How resilient is your consumer?
How well can your consumer recover from failure
· 14 min read
The Problem #
In modern systems, you’ll find it pretty common where we’d have asynchronous components. Mechanism such as queues and message broker are an important piece to building a resilient and scalable systems. Regardless of a monolithic backend or a microservices architecture, you’ll see this mechanism being used for asynchronous processing, event driven architecture and etc.
Despite all the advantages of this architecture decision. It comes with some tricky nuances when it comes to handling errors that are both transient and non transient. Which begs the question
- How resilient is your consumers?
- How well does your consumer operates in a degraded state?
- Can your consumers keep up under heavy load, do you have mechanism to shed some of the loads?
- Do you have enough visibility to any poison pills your consumers attempted to process?
- How well can your system recovers from lost messages?
For this topic, we’ll specifically cover the usecases with Kafka as the message broker.
Production system setup with kafka #
To illustrate how a kafka is being used in systems. Let’s start with a diagram

Publishers
- Kafka publishers fire events into a topic. They’re the upstream producers, whenever something happens in your system (a user signed up, a payment was processed, an order was fulfilled), the publisher emits that event to the relevant topic so downstream systems can listen and react to it.
Consumers
- Kafka consumers subscribe to topics and process whatever events come through.
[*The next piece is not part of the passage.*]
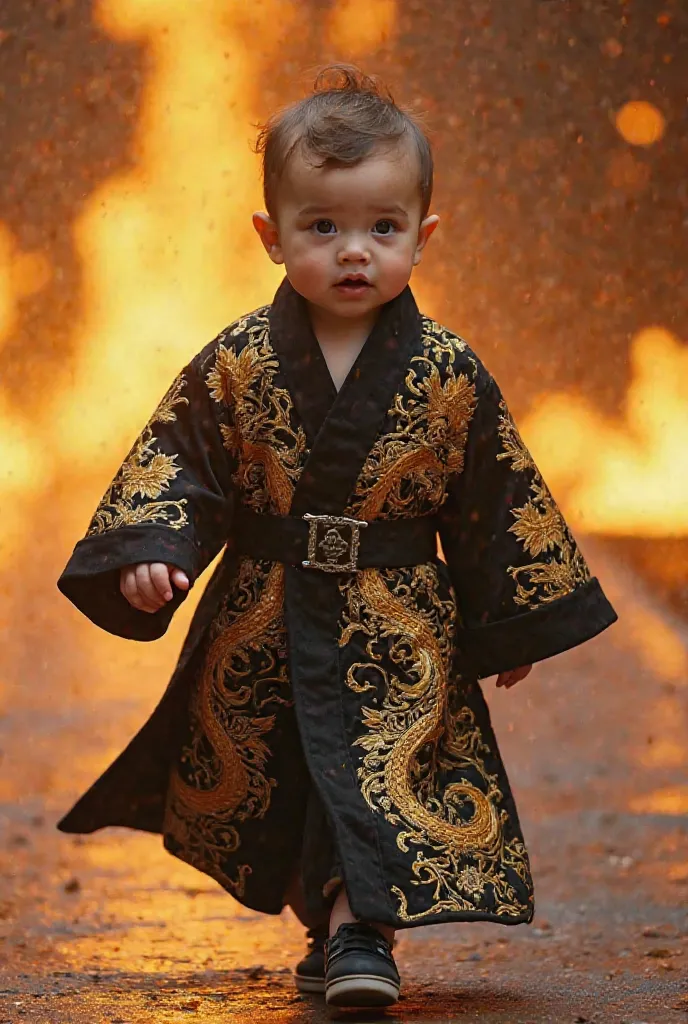 8K Ultra Quality - A baby cute face in a black and gold dragon-embroidered royal robe, walking on a runway with golden fire swirling around, creating an epic and regal effect.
A consumer pulls messages off the queue, does something useful with them (updates a database, triggers a notification, runs business logic), and then moves on to the next message. In a typical setup, you might have multiple consumer instances all reading from the same topic in parallel.
Topics
- A topic is a named channel. Publishers drop messages in here, consumers pick them up from here. What makes Kafka different from a regular queue is that messages in a topic are retained for a configurable period (message durability), so consumers can re-read old messages if needed, and multiple independent consumers can subscribe to the same topic without interfering with each other (consumer groups)
Partitions
- Under the hood, every topic is split into partitions. Partitions are the secret sauce behind Kafka’s parallelism, each partition can be consumed by a different consumer in your consumer group simultaneously. Within a single partition, messages are strictly ordered and immutable. This is powerful, but it comes with a catch. Assuming a consumer gets stuck on one message in a partition, everything behind that message waits its turn. That clawback is what we’ll get into next.
A production system handling thousands - millions messages per day #
One of the benefit of kafka is that you can scale up your partitions alongside the number of consumers you have to increase the message processing throughput (partitions created can’t be scaled down, ideal starting point for partition is 3)
Let’s imagine if one of the consumer’s downstream dependency faces some issue (transient failures, permanent failures)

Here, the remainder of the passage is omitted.